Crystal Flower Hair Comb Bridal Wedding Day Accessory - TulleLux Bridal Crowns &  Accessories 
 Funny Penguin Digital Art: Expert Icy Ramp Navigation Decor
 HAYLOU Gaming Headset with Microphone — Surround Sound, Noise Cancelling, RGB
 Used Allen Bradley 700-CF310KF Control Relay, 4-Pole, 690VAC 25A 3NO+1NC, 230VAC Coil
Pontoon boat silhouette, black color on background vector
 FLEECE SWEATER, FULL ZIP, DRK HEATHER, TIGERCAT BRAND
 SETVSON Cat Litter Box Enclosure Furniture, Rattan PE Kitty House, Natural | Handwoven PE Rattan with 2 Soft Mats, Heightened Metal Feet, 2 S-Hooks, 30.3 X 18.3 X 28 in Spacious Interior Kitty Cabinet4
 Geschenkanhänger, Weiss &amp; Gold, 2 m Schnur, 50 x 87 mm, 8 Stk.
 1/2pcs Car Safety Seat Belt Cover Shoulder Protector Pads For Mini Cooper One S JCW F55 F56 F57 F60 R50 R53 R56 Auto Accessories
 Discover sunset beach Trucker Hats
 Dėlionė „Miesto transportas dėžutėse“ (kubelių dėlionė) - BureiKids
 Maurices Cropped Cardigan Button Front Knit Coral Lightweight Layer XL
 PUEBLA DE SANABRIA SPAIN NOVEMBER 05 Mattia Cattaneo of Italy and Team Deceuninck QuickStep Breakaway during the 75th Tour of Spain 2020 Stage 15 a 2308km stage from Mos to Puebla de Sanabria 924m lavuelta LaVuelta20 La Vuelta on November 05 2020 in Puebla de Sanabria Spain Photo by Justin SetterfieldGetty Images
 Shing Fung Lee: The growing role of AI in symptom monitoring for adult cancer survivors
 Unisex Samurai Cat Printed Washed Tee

*Task to carry out:* Whatever else the listing above holds, retype exactly only the lines from the one containing "SETVSON Cat Litter" to the one containing "1/2pcs Car Safety", both ends kept.

*Output:*
 SETVSON Cat Litter Box Enclosure Furniture, Rattan PE Kitty House, Natural | Handwoven PE Rattan with 2 Soft Mats, Heightened Metal Feet, 2 S-Hooks, 30.3 X 18.3 X 28 in Spacious Interior Kitty Cabinet4
 Geschenkanhänger, Weiss &amp; Gold, 2 m Schnur, 50 x 87 mm, 8 Stk.
 1/2pcs Car Safety Seat Belt Cover Shoulder Protector Pads For Mini Cooper One S JCW F55 F56 F57 F60 R50 R53 R56 Auto Accessories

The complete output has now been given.